На фабрике обнаружили восемь трупов. Салтыков, кипя негодованием праведным, снова созвал комиссию олухов царя небесного:
– Если не от чумы, так от чего же Москва мрет?
Но упрямые немцы не желали порочить свои служебные формуляры и потому горой стояли за свой первый диагноз. Салтыков велел удалить из столицы рабочих Суконного двора и запереть наглухо в стенах монастыря Николы на Угреше. Но когда стали фабрику оцеплять, рабочие разбежались по городу быстрее зайцев… Генерал Еропкин пощупал у себя за ушами:
– Здоров! Теперь в лесах Муромских разбойника Кудеяра пымать легше, нежели в трущобах московских чумных выявить…
Дальше – больше. Салтыков внове потребовал от врачей «назвать точным именем оказавшуюся на Суконном дворе болезнь». Но врачи уперлись как бараны, и ни один не произнес этого слова – чума! Истину же упрятали за «перевалку» и за некую «язву». Один лишь Шафонский говорил прямо:
– Чума! Самая обычная. Такая же и на войне…
Но мнение авторитетных невежд уже опрокинулось в народные толпы, вызывая в москвичах возмущение строгостями и карантинами. Ведь если чумы нет, так зачем же нас хватают и по больницам растаскивают? Варварские ворота, над которыми висел образ богоматери, стали трибуной для попов, не в меру ретивых:
– Нам виденьице уже было! Христос хотел за грехи наши дождь каменный на Москву наслать, но богородица явилась вчерась и заменила дождь из булыжников язвою… Не жалей денег, народ! Вон кубышка отверста: кидай все, что имеешь, так богу угодно…

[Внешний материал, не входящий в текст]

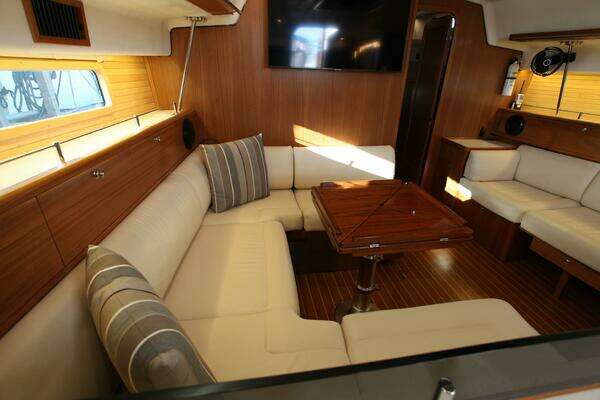 Catalina 426 Yacht For Sale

Шестеркою лошадей к воротам подъехал Амвросий.
– Не верьте козлам вонючим! – возопил он. – Я священник выше рангом и ближе к богу. Однако до седых волос дожил, а видения не посещали меня. Галлюцинации только одних придурков да пьяниц навещают – и вы таковы же есть, шарлатаны брюхатые!

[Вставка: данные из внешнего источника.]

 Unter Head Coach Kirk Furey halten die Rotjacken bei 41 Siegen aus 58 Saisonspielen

– Не русский он! – раздались тут крики. – Гляди, рожа-то какая масляная, а глазами зыркае, ажно страшно…
– Чего там? Бей колдуна! – И полетели камни.
Амвросий спасся в доме генерал-губернатора Москвы.
– На все воля господня, – сказал он Салтыкову. – Но икону с Варварских ворот я ночью стащу и кубышку поповскую разломаю.
Еропкин жаловался, что Москва имеет всего две пушки:
– Ежели на меня полезут толпою, как мне отстреляться?
– Смотря чем заряжать пушки, – отвечал Салтыков. – Ежели ядрами, так башки две с плеч снимешь, а картечью всех повалишь…
Салтыкову принесли пакет из Петербурга; секретарь надел вощеные перчатки, ножницами разрезал пакет и швырнул его в печку, а письмо окурил можжевеловым дымом. Екатерина писала: никого в городе больше не хоронить, всех покойников погребать в оградах загородных церквей. Но исполнить указ стало теперь невозможно: жители скрывали заболевших от врачей, боясь отправки в больницы, прятали от полиции и мертвых. Хоронили их сами – где придется, лишь бы никто не видел. Москва ежедневно лишалась девятисот жителей, а народ был так запуган, что за два месяца полиция получила официальную справку лишь о двух умерших. Жизнь и смерть ушли в подполье, но чума доставала людей и в укрытиях, покрывала гнилыми бубонами, заставляла истекать зловонною слизью, а потом покидала труп, перекидываясь на здоровое тело…
А ведь истину вещал Шафонский – и за то ему честь и слава!